还有一个重要信息，是我在后期进行下载和引用时才发现的

class="page-count"><div class="icon"></div><span>4</span></div>

因为排行榜上的并非都是单张插画，也有此类多张的漫画，给爬虫工作增加了许多困难。

2、分析动态页面

在分析了这个页面所有的内容后，发现在主页面，只显示了至多50张图片的信息，但其实每日排行的图片远远不止这个数量，但是pixiv并非像豆瓣或者bangumi拥有静态的目录，而且采取动态加载的方法，一直往下滑，则页面一直加载。

滑了半天，得知每日图片推荐一共有500张图片

对于动态页面，采取抓包查看每次动态加载的具体内容。

除了不停加载的图片信息，抓到一条请求

https://www.pixiv.net/ranking.php?p=2&format=json

查看这个页面

抓包内容

显然，这是排行榜第二页的内容，将p=2改为p=1，同样显示了第一页的内容，也就是说，每次发送请求，则返回50张图片的信息，发送十次请求，则可以获得500张照片的信息，那么接下来的工作就简单了。

3、热门图片信息获取

抓取的网页并非html标准格式的，不能也没必要用bs4进行内容分析，直接用正则表达式即可。
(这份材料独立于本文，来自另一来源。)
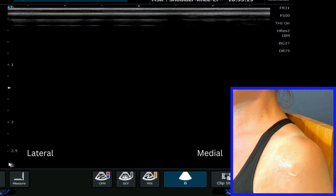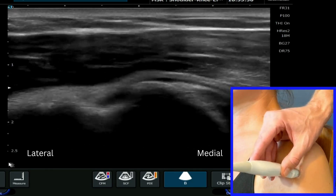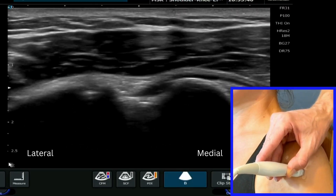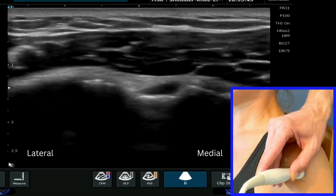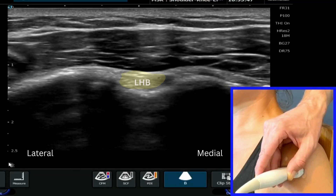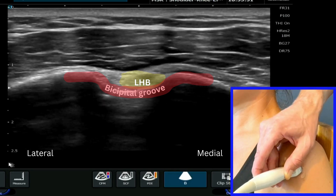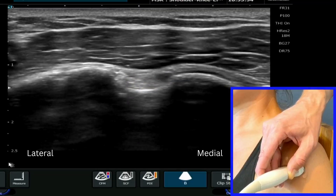We're now going to have a look at the rotator interval on ultrasound. We're going to start off with our arm in neutral as we would do for any shoulder scan, and we're going to find that distinctive landmark which we can see in the middle of the screen here — the bicipital groove. We can tilt our probe, as we've seen in the other videos, just to make sure that we are seeing the biceps tendon there nice and bright.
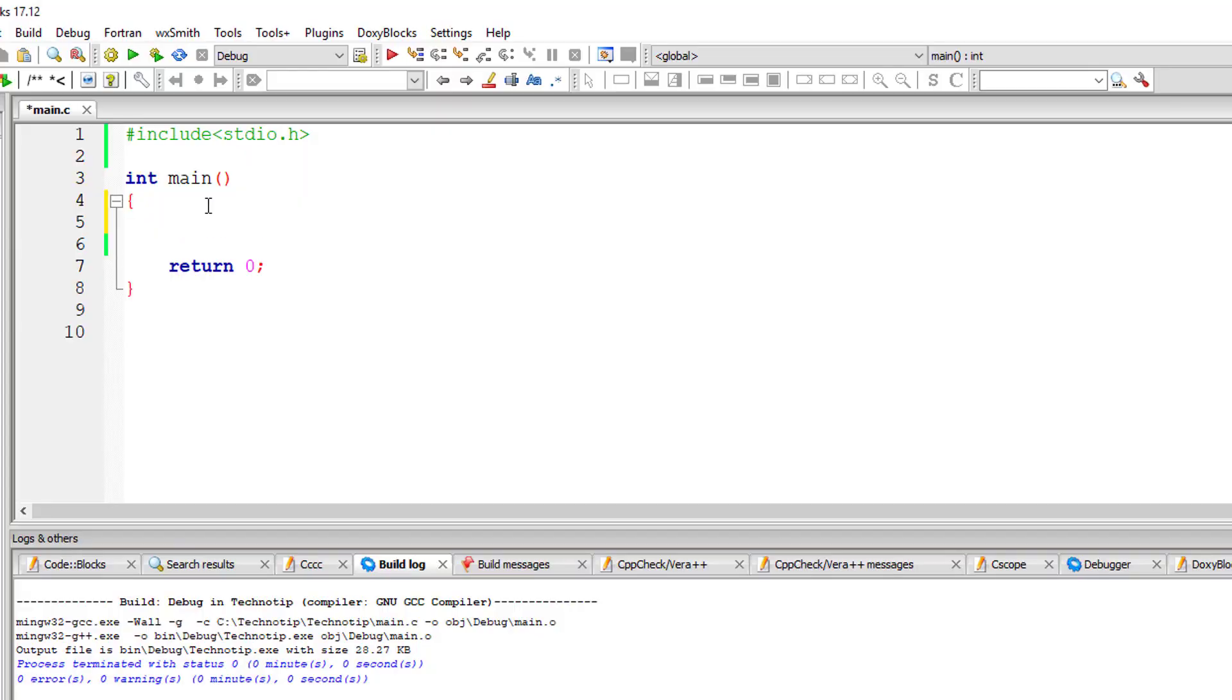Let's see how we can calculate compound interest using math.h library. I'll take principal and time as integer variables and rate of interest and compound interest as float variables.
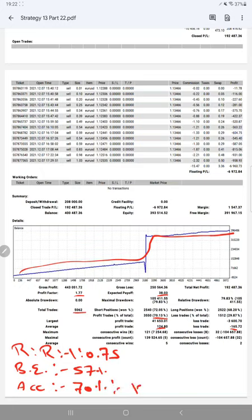So if you are also willing to get the same profit, you can ask us and join with this strategy and get the same profit. Thank you so much for watching this video.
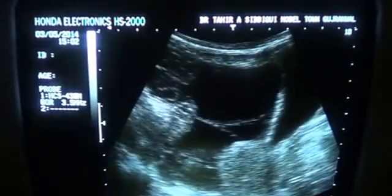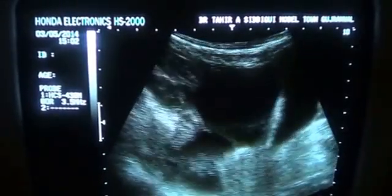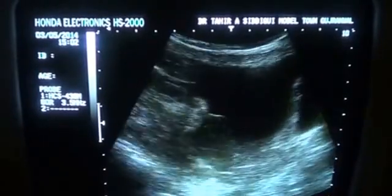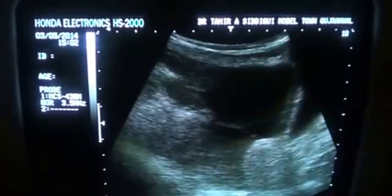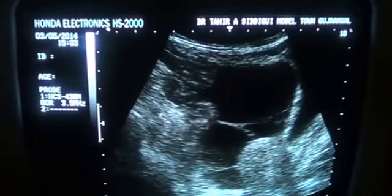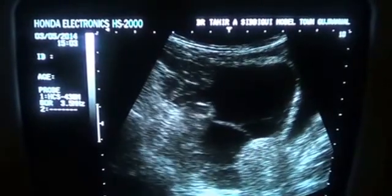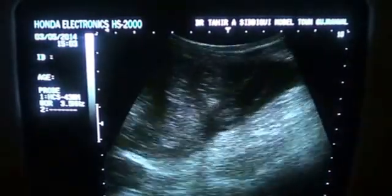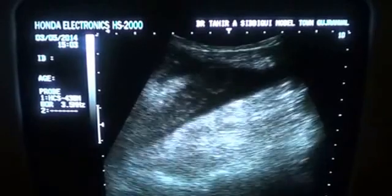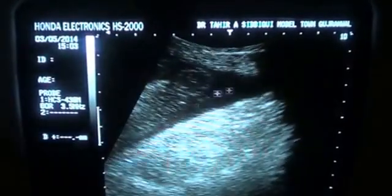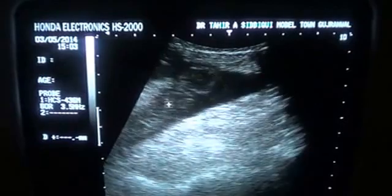So, this is a case of abdominal Koch's — until and unless proven otherwise, because all the other parameters are normal. There is only ascitic fluid. Now, this is the fluid seen in the left paracolic gutter. This is the fluid.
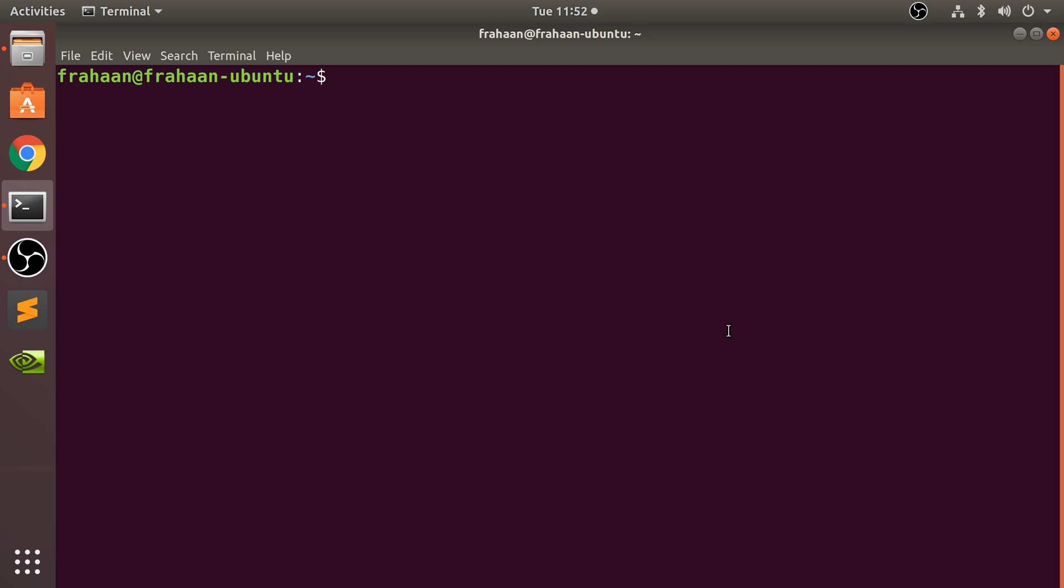To run something as a super user, you put sudo, which stands for super user do, and then you put your regular command. You can technically run sudo on any sort of command. Most commands probably don't need it, which is why you won't see it online with every command, but there's no reason why you can't.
先用request请求获取十个页面，并且打印出来看下是否正确。

import requests
headers = {
        \'user-agent\': \'Mozilla/5.0 (Windows NT 10.0; Win64; x64) AppleWebKit/537.36 (KHTML, like Gecko) Chrome/86.0.4240.111 Safari/537.36\',
        \'referer\': \'https://www.pixiv.net/ranking.php?mode=daily&content=illust\',
    }
for i in range(1, 11):
    url = \'https://www.pixiv.net/ranking.php?p=%d&format=json\' % i
    res = requests.get(url, headers=headers)
    print(res.text)

打印结果太多了，和上图浏览器中结果相同，就不做展示，正确的打印了十次请求获取的数据。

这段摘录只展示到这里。